The people at Monsanto know all about this. The people at Merck knew all about this. The people at American Home Products knew all about this. The news media people know. I have used my own limited influence to try to instruct the world that these advantages or advances in science are crucial to the well-being of the people on Earth. So far, to little avail.
I read a recent statement by Prince Charles in England: "Genetic modification takes mankind into realms that belong to God and to God alone." I think Prince Charles would have been better off if he had forgone the use of other advances like cell phones, but he's well-meaning and sincere, and his voice is not alone in England.
In Great Britain, we have a very serious problem, less of a problem in Germany and equivocation in France. But we are facing the prospect of closed doors in the most needy and less educated nations in the world. That's a very important responsibility.
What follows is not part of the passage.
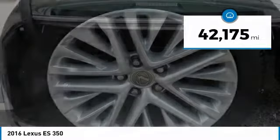This vehicle has less than 45,000 miles. Here are some of this vehicle's great options.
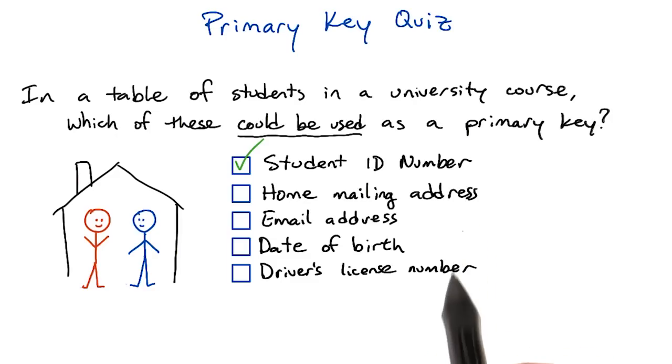Home mailing address is not a valid primary key. What would happen if you had two students taking the course who live in the same house?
The advances that come to my farm and to those in North Dakota and in Missouri from the Danforth Plant Science Center will be accepted. Others fear them. The testing of new developments will be conducted by hundreds of thousands, perhaps millions, of American farmers. That's a very good test site for a new discovery.
This is an extraordinary partnership that has been formed. The potential benefits that will come from this center are indescribable. But this center cannot just be devoted to scientific research, as important as it is. I see some additional responsibilities, which I hope will be seriously considered.
* One is to provide a neutral ground within which competitive American corporations can come and retain their independence, retain the advantages of their own in-house discoveries, their patents. But they should also share with each other basic research, perhaps even culminating in discoveries so they can be used more widely and so the prices can be reduced. I hope they also can be generous in the allocation of plant materials where they are needed most.
* The second major responsibility of this center would be to bring together in a more harmonious way basic research, the extension service and individual farmers. In Georgia this is a fairly good relationship. I'm sure it is in Missouri as well. But in most places on Earth it's not.
* Another very important function of this center will be to assure that scientists in the Third World, particularly in the small nations, are brought here to learn the rudiments of agricultural advances.
* Another very important responsibility of this center will be to counteract the ill-advised attacks on genetic improvements themselves. I would hope this plant science center here would take on itself the responsibility for promulgating as widely as possible accurate information about the advantages of plant science discoveries.
And, of course, the most important responsibility, perhaps, is to evolve ways to control weeds, to make plants impervious to insect attack and to increase yields. That's very important, but it is also important to protect wetlands, rainforests, to reduce erosion, to feed hungry people and to preserve the health of little children whom we will never know, but whose lives and well-being will depend on the people here.